Complete step-by-step solution
Let us deconstruct the question for an easier understanding. So, let us try and think of this problem in the context of momenta.
Let the mass of the lead ball and the rubber ball be $m_{lead} = m_{rubber} = m$
They both strike the wall with the same velocities $u_{lead} = u_{rubber} = u$
Their initial momenta will be $p_{i_{lead}} = p_{i_{rubber}} = mu$ each.
What happened now is different for each.
The lead ball is said to fall down upon impact $\Rightarrow$ its final velocity $v_{lead} = 0$
The final momentum of the
Whereas, the rubber ball bounces back with the same impact velocity $\Rightarrow v_{rubber} = u_{rubber} = u$ but in the opposite direction, $\Rightarrow v_{rubber} = -u$
Their final momenta will be $p_{f_{lead}} = 0$ and $p_{f_{rubber}} =-mu$ respectively.
The negative sign indicates that since it bounced back the momentum was directed opposite to the incident motion.
Change in momentum is given as the difference between the initial and final momentum.
Therefore, the change in momentum for lead ball $\Delta p_{lead} = mu – 0 = mu$
And the change in momentum for the rubber ball $\Delta p_{rubber} = mu –(-mu) = 2mu$
Thus, the correct choice would be C. The rubber ball suffers a greater change in momentum as compared to the lead ball.

Note: Do not forget to account for the signs to indicate change in direction, since momentum is ultimately a vector quantity whose magnitude and direction are co-dependent.
A consequence of change in momenta is the impulse produced.
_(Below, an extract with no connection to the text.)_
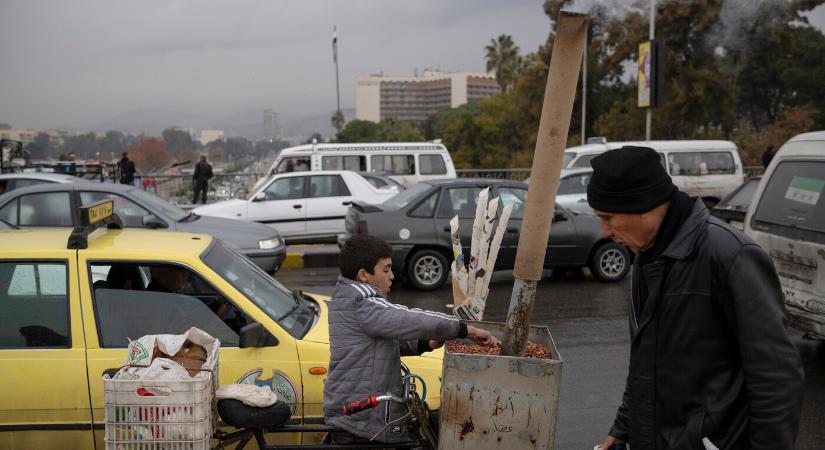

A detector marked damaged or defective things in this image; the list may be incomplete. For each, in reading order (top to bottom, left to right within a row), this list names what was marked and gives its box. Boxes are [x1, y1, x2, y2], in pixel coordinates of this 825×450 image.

In a collision, an object experiences a force F for a given amount of time that results in the object undergoing a change in velocity. The impulse experienced by an object is always equal to the change in its momentum. Quantitatively, we can summarize this as:
Impulse $I = F \times t \Rightarrow m\Delta v = F \times t$.
For example, when you hit a ball with a bat, you apply a force for a short period of time which causes a sufficient change in momentum in the ball via the force applied by the bat.
This is called the impulse-momentum change theorem.